Some patch-based methods learn the partial/regional aggregation properties to make them robust against pose transformation and occlusion. [31] segmented the human body through a patch generation network and developed a PatchNet to learn discriminative features from patches instead of the whole images. [6] proposed a self-similarity grouping (SSG) approach, which exploits the potential similarity (from the global body to local parts) of unlabeled samples to build multiple clusters from different views automatically. These methods of combining the part and the whole have achieved effective results, and also provide ideas for us to migrate in the manga.

II-C Manga character identification

To date, a limited amount of published literature has reported research on manga character identification. The existing research can be broadly classified into supervised and unsupervised methods. Some supervision methods, such as [33], draw on the experience of face recognition methods and propose a method that uses domain data of real-world faces to help classify hyperplanes in the manga domain. This supervised approach can achieve satisfactory performance, but it requires a lot of labeling work, which brings limitations in the manga context.
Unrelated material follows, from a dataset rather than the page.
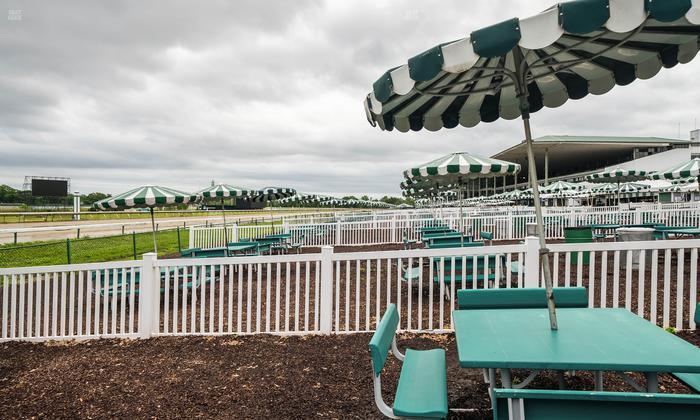 Monmouth Park - Section Picnic Area 10 Table 31 Seat View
Unsupervised methods such as [18] and [19] proposed a multiscale histogram of edge directions for sketch-based manga retrieval. However, these methods do not consider the diversity among individual manga volumes. [25] improves the clustering performance by adapting the manga face representation to the target volume, while manual rules are used in constructing pseudo-label pairs, which lack some generality.

III The Proposed Formulation

In this section, we first introduce the preliminaries and revisit the generic clustering-based unsupervised domain adaptation (UDA) process in Sec. III-A. Then we present the proposed Face-body and Spatial-temporal Associated Clustering (FSAC) method in Sec. III-B. Further, we introduce two key modules in Sec. III-C and Sec. III-D: the face-body combination module and the spatial-temporal relationship correction module, respectively.

III-A Preliminary

In unsupervised re-identification based on clustering, given a target training set $X^{t}=\{x_{1}^{t},x_{2}^{t},...,x_{N^{t}}^{t}\}$ of $N^{t}$ images, the goal is to learn a feature embedding function $F(\theta;x_{i}^{t})$ from $X^{t}$ without any manual annotation, where parameters of $F$ are collectively denoted as $\theta$ .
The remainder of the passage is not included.